The Horatio Stubbs Trilogy Read online

Page 26


  After parade, and one last bollicking from Charley Meadows, we were detailed for fatigues. I went over to where No. 1 Platoon, its heels up against a wall, was fallen out for a smoke, and looked out Di.

  As we hung about, smoking an inch of fag, he asked me quietly, ‘How you doing this morning?’

  ‘Great! I’ve got a bit of a hangover and my knob’s sore, otherwise I’m smashing.’

  ‘Be serious, Horry! You’re not sorry I took you along last night?’

  So his Welsh conscience was playing him up!

  ‘Di, just between you and me, how was your bibi?’

  ‘How was yours?’

  ‘Oh, okay.’

  ‘Not a raddled old hag?’

  ‘No – no, nothing like that. Proper little beauty, really. It was hard to be sure, but I’d say she was about eighteen or nineteen. I didn’t half give her a bashing! She loved it!’ I groaned to convey what rapture I had experienced. ‘I’d have had another go if I’d got the cash. You got on okay, did you?’

  He looked cautious. ‘You got a better deal than what I did. Just my bloody luck to go through the wrong door …’ He hesitated. ‘She was a bit of a raddled old hag, you’d have to say it … I was afraid of getting a dose off her. So I just – well, I sat on the edge of the bed like and just let her toss me off. It seemed safest. Don’t tell old Jock, will you? He’d only laugh! And she’d got hands like sandpaper, honest she had.’

  Feeling shamed by his honesty, I clapped him on the back. ‘Better luck next time, Di!’
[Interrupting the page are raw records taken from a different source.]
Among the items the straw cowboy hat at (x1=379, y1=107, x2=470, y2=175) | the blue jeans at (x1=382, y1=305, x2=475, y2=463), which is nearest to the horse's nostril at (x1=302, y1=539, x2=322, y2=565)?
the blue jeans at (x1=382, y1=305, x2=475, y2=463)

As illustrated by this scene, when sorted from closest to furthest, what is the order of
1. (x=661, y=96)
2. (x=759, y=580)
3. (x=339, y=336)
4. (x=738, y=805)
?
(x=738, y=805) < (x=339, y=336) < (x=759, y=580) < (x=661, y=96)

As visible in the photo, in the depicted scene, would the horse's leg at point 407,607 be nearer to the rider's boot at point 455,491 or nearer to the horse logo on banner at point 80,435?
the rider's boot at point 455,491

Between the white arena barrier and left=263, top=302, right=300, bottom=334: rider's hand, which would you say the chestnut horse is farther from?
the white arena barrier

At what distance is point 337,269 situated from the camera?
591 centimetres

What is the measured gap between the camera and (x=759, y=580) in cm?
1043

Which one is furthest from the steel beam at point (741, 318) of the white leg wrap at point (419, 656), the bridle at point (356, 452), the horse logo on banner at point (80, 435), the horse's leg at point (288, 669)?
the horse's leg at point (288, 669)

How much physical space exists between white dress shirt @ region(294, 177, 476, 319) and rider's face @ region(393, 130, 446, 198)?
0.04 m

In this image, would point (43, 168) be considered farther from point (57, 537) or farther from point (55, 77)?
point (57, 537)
  ‘They ought to have proper government brothels, that’s what, same as the Italian Army.’

  ‘Do the Italians have government whore-houses then?’

  ‘Pukka clean places, inspected every week. Nice girls too, so I hear. Jack Aylmer was saying as Italian officers and men all go to the same brothel. Of course, they’re Roman Catholic …’
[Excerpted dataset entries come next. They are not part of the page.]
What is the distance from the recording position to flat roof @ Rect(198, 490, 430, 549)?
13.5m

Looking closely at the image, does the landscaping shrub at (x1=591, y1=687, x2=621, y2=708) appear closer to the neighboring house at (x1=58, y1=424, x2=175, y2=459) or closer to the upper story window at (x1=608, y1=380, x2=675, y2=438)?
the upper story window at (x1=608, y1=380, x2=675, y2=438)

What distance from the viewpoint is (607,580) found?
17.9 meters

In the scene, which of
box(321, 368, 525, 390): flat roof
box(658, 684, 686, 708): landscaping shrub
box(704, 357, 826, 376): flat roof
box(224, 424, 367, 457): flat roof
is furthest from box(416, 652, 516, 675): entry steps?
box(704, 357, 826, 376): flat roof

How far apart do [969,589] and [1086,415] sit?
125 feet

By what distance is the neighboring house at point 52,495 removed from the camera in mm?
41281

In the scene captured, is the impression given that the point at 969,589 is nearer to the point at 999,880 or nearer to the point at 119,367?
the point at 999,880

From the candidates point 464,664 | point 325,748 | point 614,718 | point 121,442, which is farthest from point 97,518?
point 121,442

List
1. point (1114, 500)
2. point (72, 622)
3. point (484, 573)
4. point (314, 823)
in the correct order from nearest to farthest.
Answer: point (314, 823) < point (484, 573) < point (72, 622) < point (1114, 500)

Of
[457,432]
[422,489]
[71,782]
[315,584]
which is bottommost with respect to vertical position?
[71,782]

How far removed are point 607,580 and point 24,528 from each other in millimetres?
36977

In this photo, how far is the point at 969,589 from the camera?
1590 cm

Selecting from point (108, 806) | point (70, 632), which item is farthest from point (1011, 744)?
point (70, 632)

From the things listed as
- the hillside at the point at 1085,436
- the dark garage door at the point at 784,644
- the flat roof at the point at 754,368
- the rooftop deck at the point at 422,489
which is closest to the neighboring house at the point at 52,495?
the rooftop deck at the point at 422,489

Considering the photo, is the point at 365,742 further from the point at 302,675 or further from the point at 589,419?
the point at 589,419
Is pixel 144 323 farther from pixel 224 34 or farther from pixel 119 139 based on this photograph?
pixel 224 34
  This fascinating conversation was brought to an end by Corporals Warren and Dutt descending on us. Di went off on rations and I was given the job of refilling the buckets at the various fire-points round the camp.

  While I was on this absorbing task, and taking as long as possible over it, I heard a piercing whistle. Jock McGuffie was leaning out of a cookhouse window. I waved and indicated that I had a job to do. After a while, I saw that he was coming over towards me, his face more colourless than ever in the bright sunlight. Jock began talking while he was still several yards from me.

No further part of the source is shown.